→ **EXERCISE DETAILS**: Would you transcribe the entries below, beginning at the line with "create interior design" and ending after the line with "APEX highlight moment", exactly, with no picture and nothing more?

→ **EXTRACTED INFORMATION**:
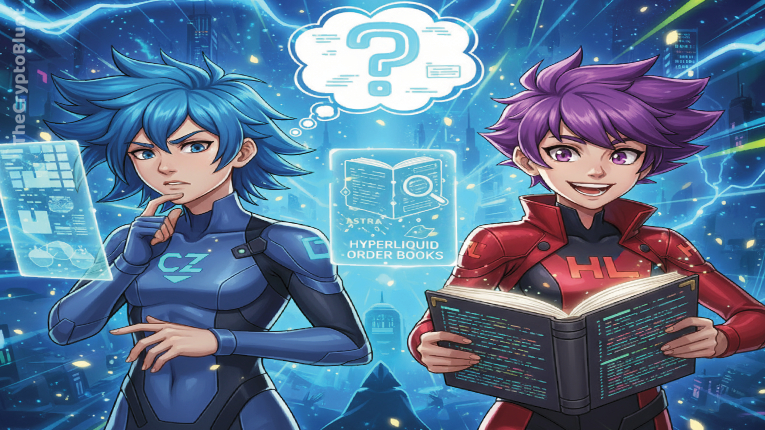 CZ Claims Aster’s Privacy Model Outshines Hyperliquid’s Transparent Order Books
--
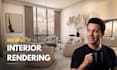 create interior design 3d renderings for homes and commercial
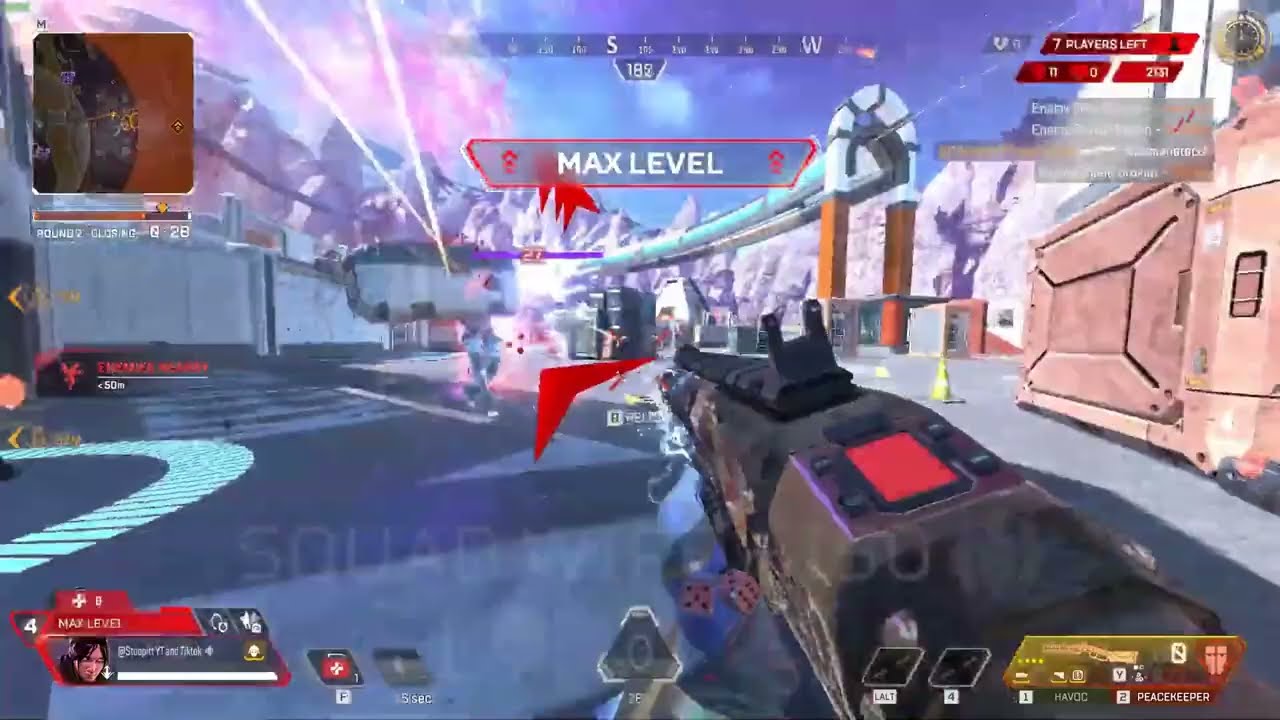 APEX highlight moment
==
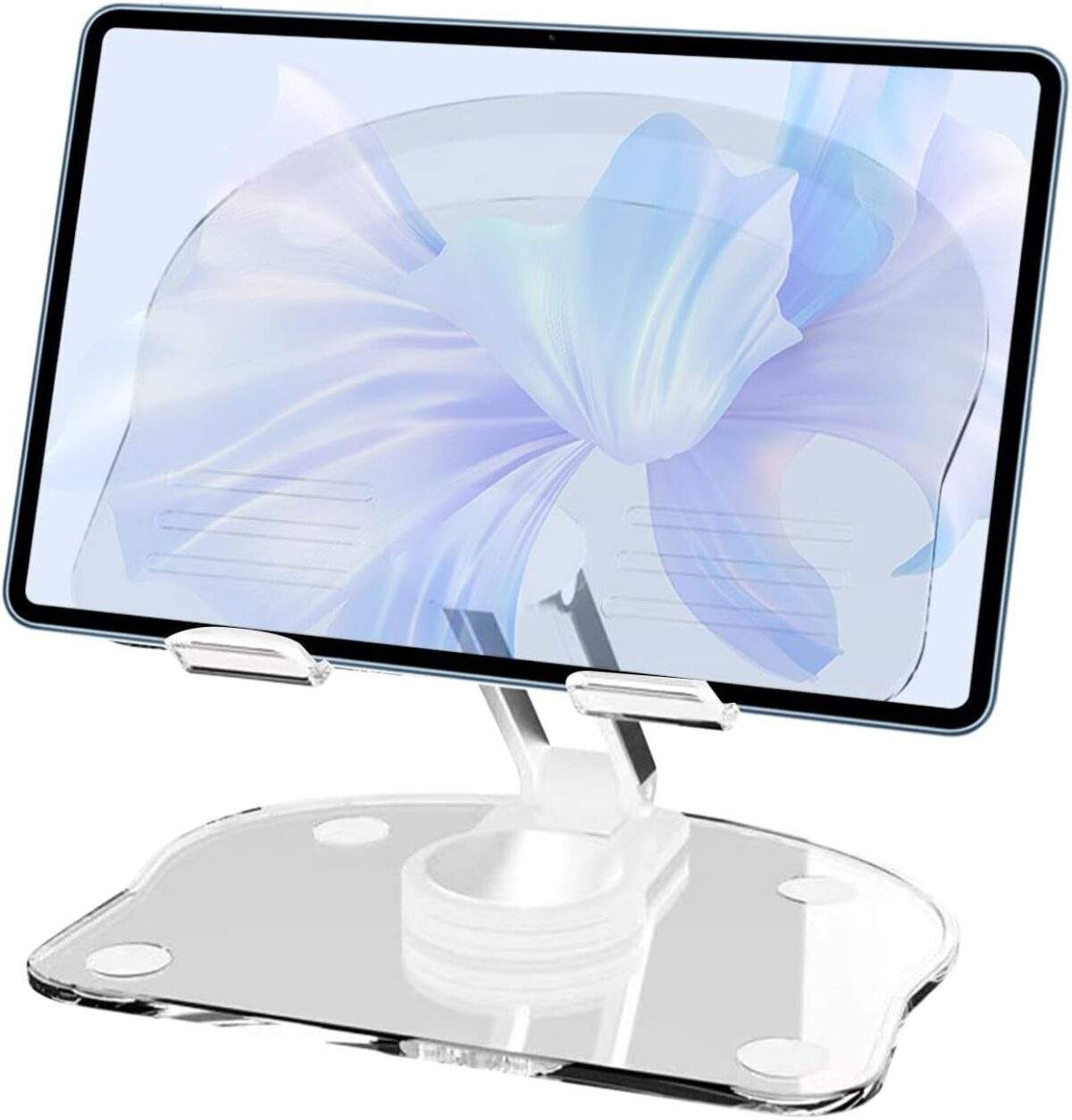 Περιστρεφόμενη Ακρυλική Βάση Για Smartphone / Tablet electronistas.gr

→ **SOLUTION TO THE PROBLEM**:
 create interior design 3d renderings for homes and commercial
 APEX highlight moment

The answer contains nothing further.